Configuration

Overview

PyWorkflow configuration determines how workflows execute: which runtime to use, where to store state, and default behaviors. Configuration can come from multiple sources with a clear priority order.

Config File

Zero-code configuration via pyworkflow.config.yaml

Programmatic

Configure in Python code with pyworkflow.configure()

Per-Call Override

Override settings per start() call

Environment Variables

Configure via environment for deployment flexibility

Configuration Priority

When you call pyworkflow.start(), configuration is resolved in this order:

Priority	Source	Description
1 (highest)	`start()` parameters	Explicit `runtime=`, `durable=`, `storage=` arguments
2	`pyworkflow.configure()`	Values set programmatically
3	`pyworkflow.config.yaml`	Config file in current directory
4 (lowest)	Defaults	`runtime="local"`, `durable=False`

When you use Celery runtime in the config file (runtime: celery), PyWorkflow automatically sets durable=True since Celery requires durable mode.

Config File (Recommended)

The simplest way to configure PyWorkflow is with a pyworkflow.config.yaml file in your project directory:

# pyworkflow.config.yaml

# Module containing workflow definitions (for CLI discovery)
module: myapp.workflows

# Runtime: "celery" for distributed, "local" for in-process
runtime: celery

# Storage backend for durable workflows
storage:
  backend: file          # "file" or "memory"
  path: ./workflow_data  # Path for file backend

# Celery broker settings (when runtime: celery)
celery:
  broker: redis://localhost:6379/0
  result_backend: redis://localhost:6379/1

Automatic Loading

The config file is automatically loaded when:

CLI commands - pyworkflow worker run, pyworkflow workflows list, etc.
Python code - When you call pyworkflow.start() or pyworkflow.get_config()
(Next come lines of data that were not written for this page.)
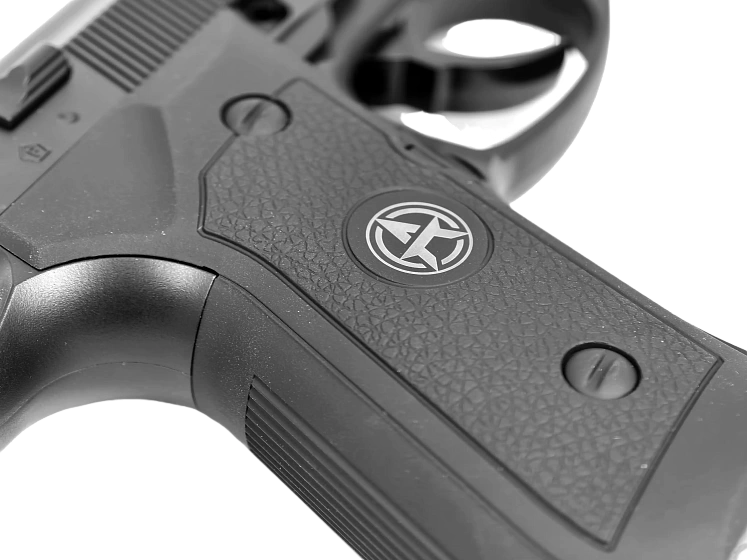 Пистолет пневматический ARKON B92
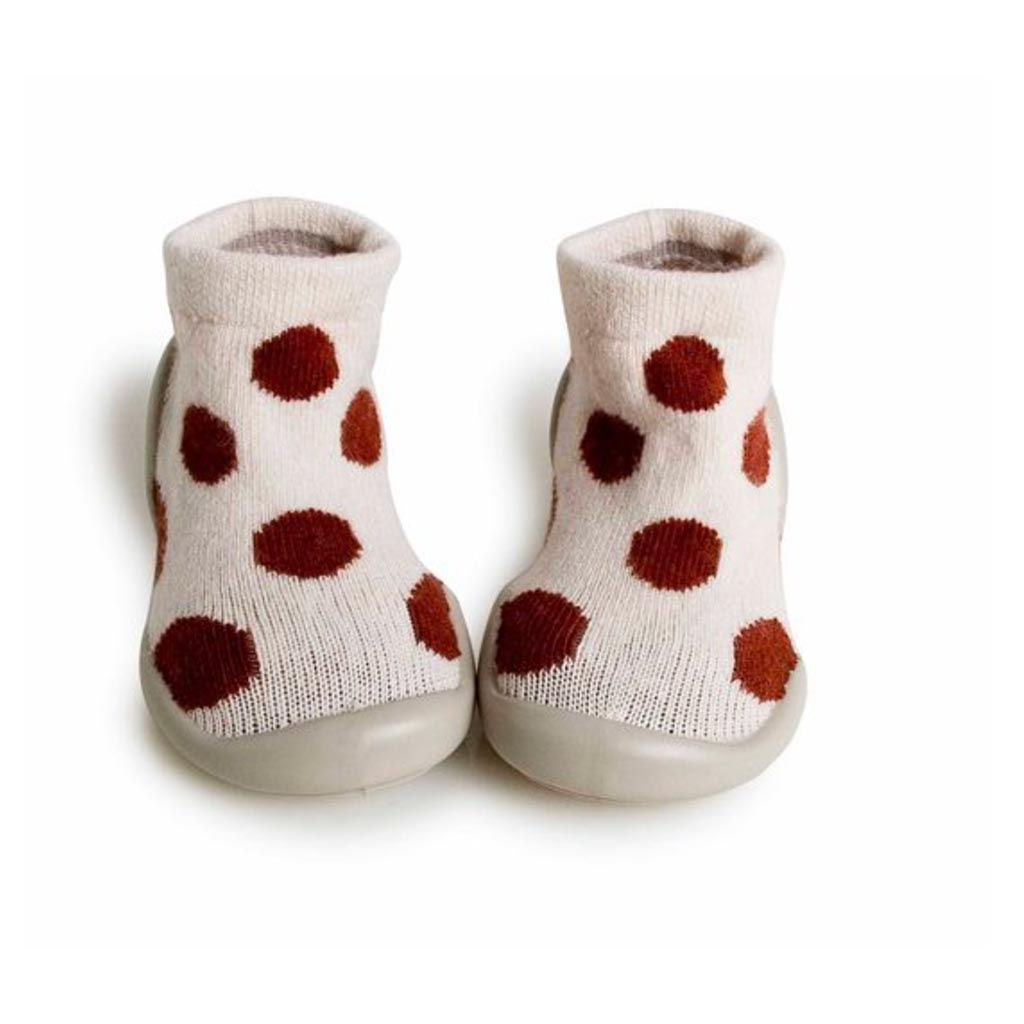 Collegien  - Haussocken Macarons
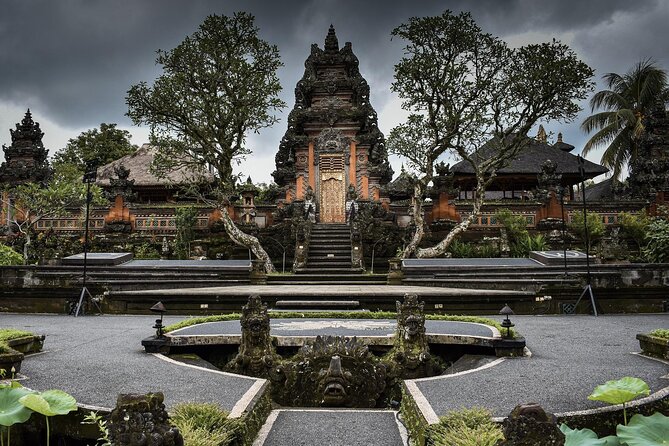 Full-Day Highlights and Best of Ubud Village - What the $70 price really buys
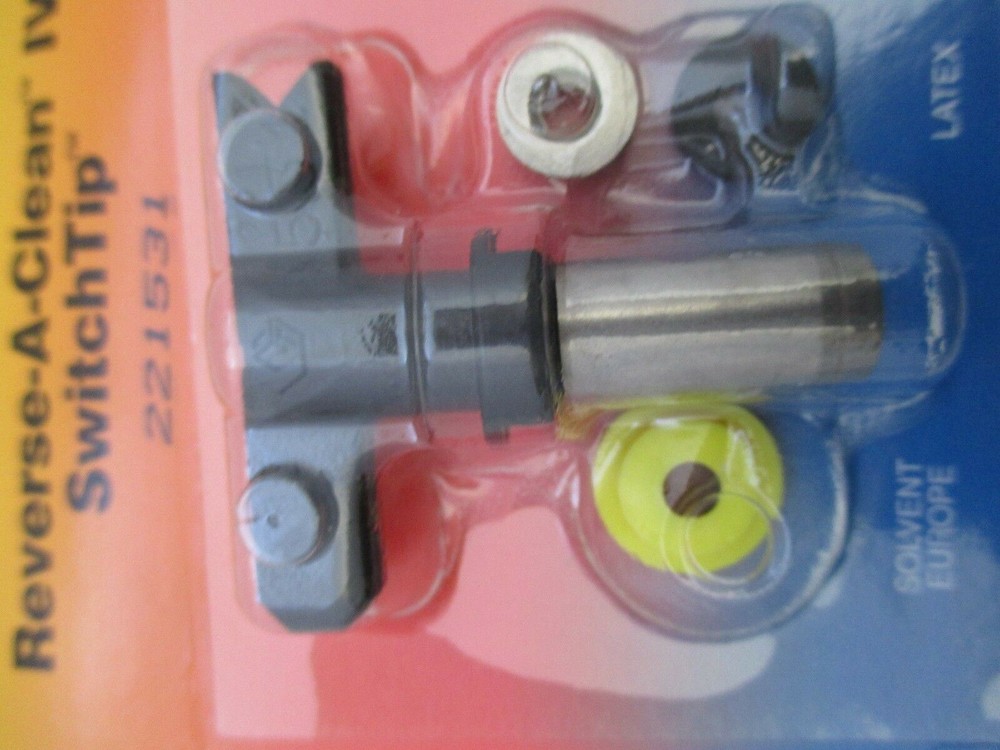 Graco 221531 Switch Tip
# Your Python code - no explicit configuration needed!
import asyncio
import pyworkflow
from myapp.workflows import order_workflow

async def main():
    # Automatically uses settings from pyworkflow.config.yaml:
    # - runtime: celery
    # - durable: True (implied by celery runtime)
    # - storage: FileStorageBackend("./workflow_data")
    run_id = await pyworkflow.start(order_workflow, "order-123", 99.99)
    print(f"Started workflow: {run_id}")

asyncio.run(main())

Config File Location

PyWorkflow looks for pyworkflow.config.yaml in the current working directory (where you run your Python script or CLI command from).

myproject/
├── pyworkflow.config.yaml  # Config file here
├── myapp/
│   └── workflows.py
└── scripts/
    └── run_workflow.py

# Run from project root - config is found
cd myproject
python scripts/run_workflow.py  # ✓ Uses pyworkflow.config.yaml

# Run from scripts directory - config NOT found (uses defaults)
cd myproject/scripts
python run_workflow.py  # ✗ No config file in ./scripts/

Always run your scripts from the directory containing pyworkflow.config.yaml, or use programmatic configuration if you need more control.

Project Structure

PyWorkflow supports two ways to organize your workflow code. The module field in your config file tells PyWorkflow where to find and import your workflows.

Option 1: Single File

For simple projects, define all workflows in a single file:

myproject/
├── pyworkflow.config.yaml
└── workflows.py           # All workflows here

# pyworkflow.config.yaml
module: workflows

# workflows.py
from pyworkflow import workflow, step

@step()
async def validate_order(order_id: str) -> dict:
    return {"order_id": order_id, "valid": True}

@workflow()
async def process_order(order_id: str) -> dict:
    result = await validate_order(order_id)
    return {"status": "completed", **result}

@workflow()
async def send_notification(user_id: str, message: str) -> dict:
    return {"sent": True, "user_id": user_id}

Option 2: Package Directory (Recommended)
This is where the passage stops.